There are many different types of fibre, some of which have important health benefits, while others are not as useful.
Roles of fibre:
1. Feeds “good” gut bacteria
The body is full of bacteria that live on the skin, in your mouth and nose and in your gut. The gut is where the majority of the bacteria live and there are approximately 500 different bacteria living in your large intestine. These bacteria need energy to survive. However, the majority of the bacteria live in your large intestine, so most of the food you eat is absorbed into the blood stream before getting to them meaning that there isn’t much energy around for the bacteria. Fibre however, isn’t digested like other nutrients as we don’t have the enzymes necessary to digest them which means that they can make their way to the large intestine relatively unchanged. These bacteria living in the large intestine do have the enzymes needed to digest these fibres so can use it as food to survive and grow.
The good bacteria in the gut produce nutrients for the body such as short-chain fatty acids, which can feed the cells in the colon reducing gut inflammation, helping with digestive disorders such as irritable bowel syndrome, Crohn’s and ulcerative colitis, helping preventing weight gain, diabetes and cancer.
2. Reduces cholesterol
Studies have shown that eating soluble fibre can help reduce cholesterol levels. In one study, taking psyllium (which is high in fibre) for 8 weeks was shown to reduce serum total cholesterol levels by 14.8%, low-density lipoprotein (LDL) cholesterol by 20.2%, and the ratio of LDL cholesterol to high-density lipoprotein cholesterol by 14.8% compared to baseline values. This may be because fibre effects the absorption of cholesterol and fat, an increase in bile secretion which may divert hepatic cholesterol for bile acid production, and/or the short-chain fatty acids which are produced as a by-product of fibre inhibiting hepatic cholesterol synthesis. Fibre may also decrease HbA1c and fasting blood glucose.
There are a few different ways that fibre can help with weight-loss:
a. Certain types of fibre can help you lose weight by increasing satiety. Fibre soaks up water in the intestine which slows the absorption of nutrients and increases the feeling of being full, helping reduce calorie intake.
b. Also, if you eat a diet high in ultra-refined, quick-absorbing foods you will experience altered hunger signalling and an altered intestinal hormonal profile, and therefore a higher food intake and an increase in the number of meals eaten compared to eating a higher fibre diet.

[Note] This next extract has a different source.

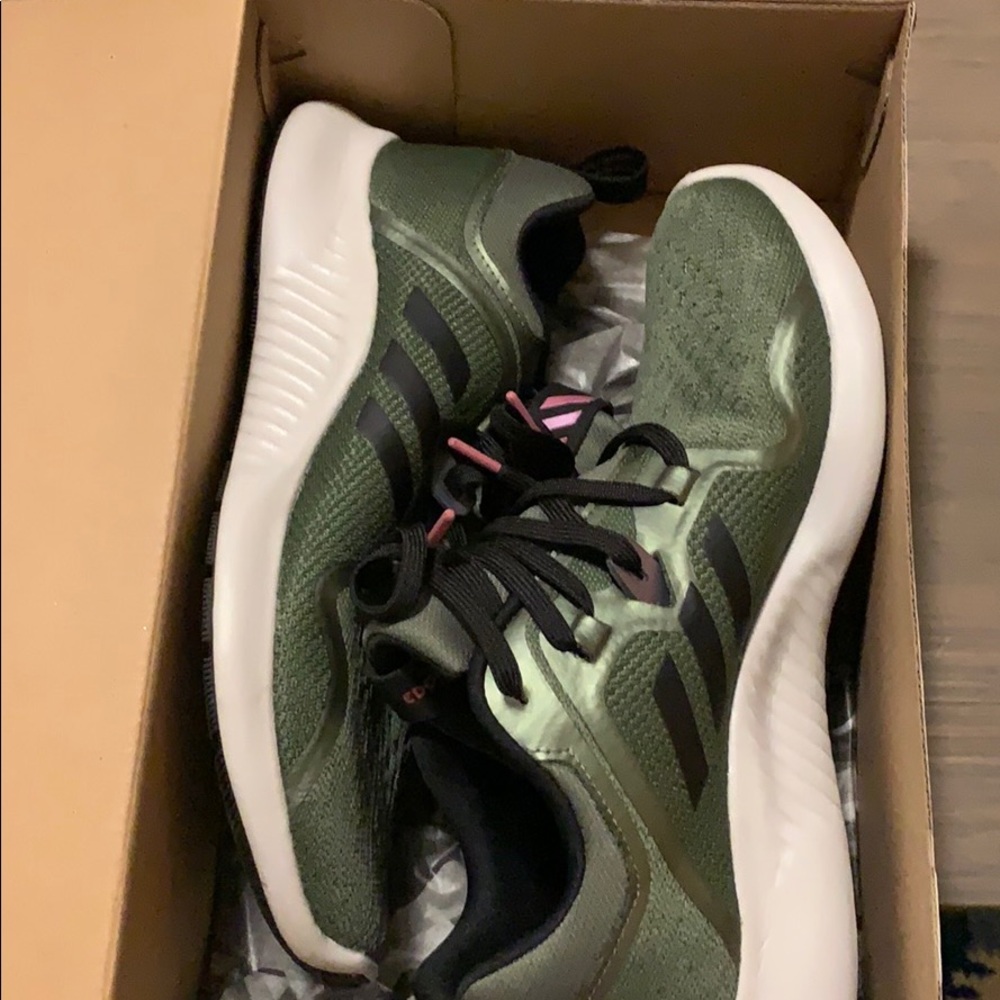 Women’s Adidas Edgebounce 7.5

c. High fibre foods also often have a lower glycemic index than refined carbs which reduces the spike in blood sugar that occurs after eating high carbohydrate foods.
How much fibre do we need?
The NZ Nutrition Foundation recommends that women get 25g of fibre per day and men get 30g. However, the majority of New Zealander’s don’t get enough fibre in their diets with many of us eating less than half of the recommended amount.
What foods are high in fibre?
- Fibrous vegetables such as carrots, beetroot, broccoli, collard greens, Swiss chard and artichokes are good sources of fibre. For example a cup broccoli contains ~5g of fibre.
- Fruits – eat the skin as well. A medium apple contains ~4.5g of fibre.
- Whole-food carbohydrates – stay away from processed and refined sources of carbs that have been stripped of their fibre. Good sources are quinoa, brown rice or oats. One cup of quinoa contains ~5g of fibre.
- Legumes – One cup of lentils contains 15.5g of fibre
- Psyllium husk – One tablespoon (5g) of psyllium contains ~4g of fibre
- Nuts and seeds – 28g of chia seeds contains ~10g of fibre.